The continuous contract of lead on the Multi Commodity Exchange (MCX) has been witnessing considerable volatility since the beginning of 2021.

It rallied until the final week of February, wherein it hit a high of ₹181.3. However, the contractmade a U-turn and started to head southwards. It again went up after taking support of ₹158 in mid-March. Once again ₹181 acted as a hurdle and consequently, the futures price moderated.
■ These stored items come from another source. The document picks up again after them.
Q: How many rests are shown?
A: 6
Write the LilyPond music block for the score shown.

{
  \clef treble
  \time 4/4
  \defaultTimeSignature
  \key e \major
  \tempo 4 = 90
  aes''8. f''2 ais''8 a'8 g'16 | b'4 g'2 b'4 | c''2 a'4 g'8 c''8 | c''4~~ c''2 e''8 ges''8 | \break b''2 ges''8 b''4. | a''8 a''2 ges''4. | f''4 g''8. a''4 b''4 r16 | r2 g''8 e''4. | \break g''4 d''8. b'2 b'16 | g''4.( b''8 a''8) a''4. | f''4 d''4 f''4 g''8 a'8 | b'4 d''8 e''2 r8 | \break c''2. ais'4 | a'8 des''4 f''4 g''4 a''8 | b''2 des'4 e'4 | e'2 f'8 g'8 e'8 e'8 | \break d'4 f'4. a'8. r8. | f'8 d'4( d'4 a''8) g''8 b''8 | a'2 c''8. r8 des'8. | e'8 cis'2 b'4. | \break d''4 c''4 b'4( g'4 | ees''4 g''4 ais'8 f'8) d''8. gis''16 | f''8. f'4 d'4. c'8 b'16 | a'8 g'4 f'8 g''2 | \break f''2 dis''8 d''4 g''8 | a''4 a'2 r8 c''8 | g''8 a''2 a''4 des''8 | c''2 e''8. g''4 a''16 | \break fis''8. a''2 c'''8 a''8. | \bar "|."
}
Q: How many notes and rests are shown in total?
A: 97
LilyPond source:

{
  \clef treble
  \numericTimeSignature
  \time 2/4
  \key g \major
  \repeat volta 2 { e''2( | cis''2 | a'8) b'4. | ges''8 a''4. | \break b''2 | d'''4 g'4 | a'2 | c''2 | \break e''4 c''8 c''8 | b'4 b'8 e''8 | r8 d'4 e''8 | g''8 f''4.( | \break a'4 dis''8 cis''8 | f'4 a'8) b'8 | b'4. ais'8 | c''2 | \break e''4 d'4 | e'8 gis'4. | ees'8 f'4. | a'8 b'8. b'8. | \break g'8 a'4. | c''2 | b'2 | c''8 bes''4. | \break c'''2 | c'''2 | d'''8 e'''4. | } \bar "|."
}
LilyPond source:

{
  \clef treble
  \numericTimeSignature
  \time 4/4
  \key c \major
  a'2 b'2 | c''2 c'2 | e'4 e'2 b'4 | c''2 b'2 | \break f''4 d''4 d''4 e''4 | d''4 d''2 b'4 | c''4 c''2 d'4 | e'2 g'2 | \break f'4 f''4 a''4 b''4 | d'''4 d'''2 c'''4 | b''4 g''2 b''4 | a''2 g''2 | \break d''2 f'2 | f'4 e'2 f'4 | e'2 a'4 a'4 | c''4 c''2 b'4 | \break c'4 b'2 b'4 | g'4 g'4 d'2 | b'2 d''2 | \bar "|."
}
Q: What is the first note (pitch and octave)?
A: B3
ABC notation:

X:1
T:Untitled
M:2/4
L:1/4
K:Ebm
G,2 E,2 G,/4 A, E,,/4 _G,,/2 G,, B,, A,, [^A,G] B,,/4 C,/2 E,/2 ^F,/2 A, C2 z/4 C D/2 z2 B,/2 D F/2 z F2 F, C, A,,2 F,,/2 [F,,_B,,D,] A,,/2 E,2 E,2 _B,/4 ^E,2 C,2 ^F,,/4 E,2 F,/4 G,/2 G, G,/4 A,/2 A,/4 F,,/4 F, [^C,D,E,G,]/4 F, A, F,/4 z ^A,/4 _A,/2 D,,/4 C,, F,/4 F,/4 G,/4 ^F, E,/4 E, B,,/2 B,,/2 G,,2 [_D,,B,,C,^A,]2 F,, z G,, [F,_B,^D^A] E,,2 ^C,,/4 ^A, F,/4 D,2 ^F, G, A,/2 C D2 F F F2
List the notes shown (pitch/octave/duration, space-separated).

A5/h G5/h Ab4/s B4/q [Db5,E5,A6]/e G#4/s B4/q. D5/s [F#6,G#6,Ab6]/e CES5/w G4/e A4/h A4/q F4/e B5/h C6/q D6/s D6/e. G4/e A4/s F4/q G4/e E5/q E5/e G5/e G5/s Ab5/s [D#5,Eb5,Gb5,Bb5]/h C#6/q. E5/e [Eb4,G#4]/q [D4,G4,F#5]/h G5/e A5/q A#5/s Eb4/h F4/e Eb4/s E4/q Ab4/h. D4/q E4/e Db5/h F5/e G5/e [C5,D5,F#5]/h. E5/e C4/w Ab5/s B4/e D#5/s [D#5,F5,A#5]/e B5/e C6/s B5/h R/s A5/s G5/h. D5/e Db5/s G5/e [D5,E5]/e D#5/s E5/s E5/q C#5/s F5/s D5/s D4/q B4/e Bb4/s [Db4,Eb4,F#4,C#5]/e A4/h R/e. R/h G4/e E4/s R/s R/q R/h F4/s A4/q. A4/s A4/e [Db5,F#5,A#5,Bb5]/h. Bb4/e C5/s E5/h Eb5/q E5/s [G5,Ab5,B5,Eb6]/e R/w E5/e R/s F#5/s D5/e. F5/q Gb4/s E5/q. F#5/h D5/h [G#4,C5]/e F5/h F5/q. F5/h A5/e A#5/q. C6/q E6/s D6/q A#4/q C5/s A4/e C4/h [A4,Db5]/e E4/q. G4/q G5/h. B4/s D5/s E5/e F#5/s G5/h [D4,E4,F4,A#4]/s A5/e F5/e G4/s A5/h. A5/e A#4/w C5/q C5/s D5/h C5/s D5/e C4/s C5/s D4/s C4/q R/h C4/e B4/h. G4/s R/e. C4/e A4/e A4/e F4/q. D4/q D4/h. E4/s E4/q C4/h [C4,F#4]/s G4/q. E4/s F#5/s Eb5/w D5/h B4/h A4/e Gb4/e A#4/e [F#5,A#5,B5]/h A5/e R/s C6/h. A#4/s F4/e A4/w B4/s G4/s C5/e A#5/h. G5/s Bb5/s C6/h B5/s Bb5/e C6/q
Nevertheless, considering the price action of the past month, the contract has been moving in a tight range between ₹170 and ₹173.

Although the next leg of trend will remain uncertain as long as the contract remain sideways, there are certain indications that denote bearish inclination – the relative strength index has slipped below the mid-point level of 50 and the moving average convergence divergence indicator on the daily chart has been tracing a downward trajectory and is on the verge of entering the bearish territory.

Besides, the average directional index indicates that the bears are currently stronger than bulls and the price is below the 21-day moving average. Even as the contract shows negative bias, it has a base at ₹170, where the 50-DMA coincides. Given the above factors, traders can wait for now and initiate fresh short positions if the contract breaches the support at ₹170. While the stop-loss can be at ₹174, the contract is likely to decline to ₹164 and then possibly to ₹160.